DATASET SECTION:
== Segment start ==
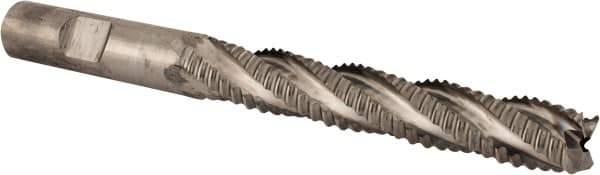 Niagara Cutter - 1/2" Diam, Coarse Pitch, 3" LOC, 4 Flute Cobalt Roughing Square End Mill - Uncoated, 5" OAL, 1/2" Shank Diam, Single End, 30° Helix - Eagle Tool & Supply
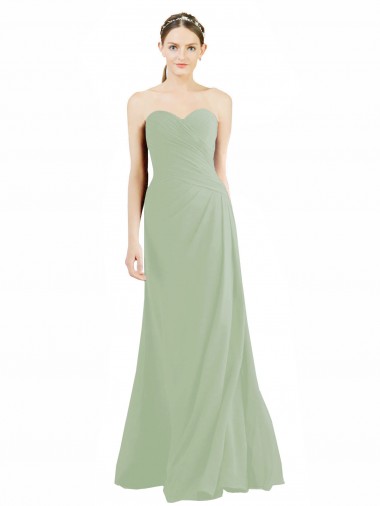 Erschwingliche Rauchgrün A-Linien Chiffon Lange Brautjungfernkleider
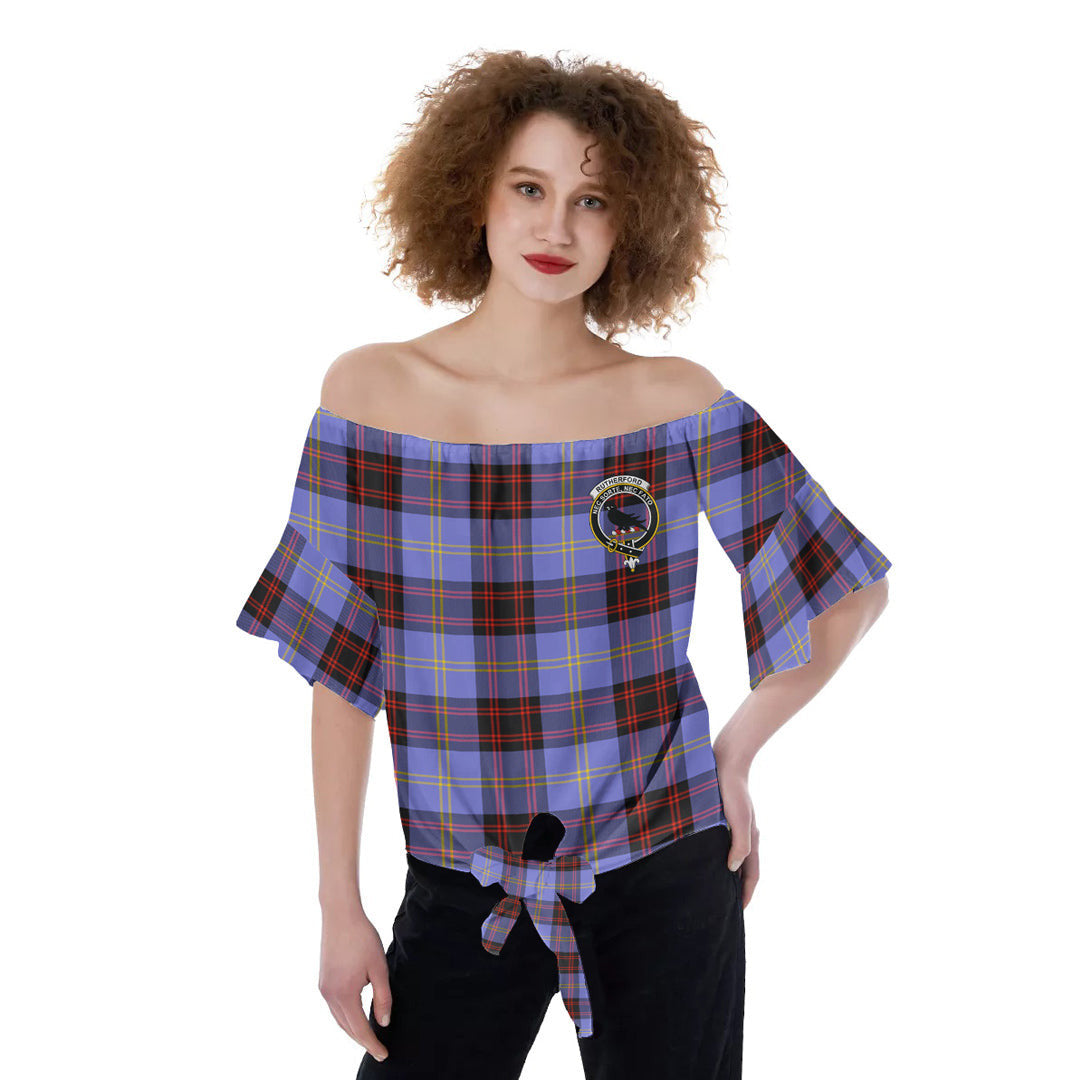 Rutherford Tartan Crest Off-Shoulder Blouse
== Segment end ==
PROBLEM REQUIREMENTS:
Copy nothing but the lines from the top of the material through the line holding "Erschwingliche Rauchgrün A-Linien", exactly as written; omit pictures.

WRITTEN RESPONSE:
 Niagara Cutter - 1/2" Diam, Coarse Pitch, 3" LOC, 4 Flute Cobalt Roughing Square End Mill - Uncoated, 5" OAL, 1/2" Shank Diam, Single End, 30° Helix - Eagle Tool & Supply
 Erschwingliche Rauchgrün A-Linien Chiffon Lange Brautjungfernkleider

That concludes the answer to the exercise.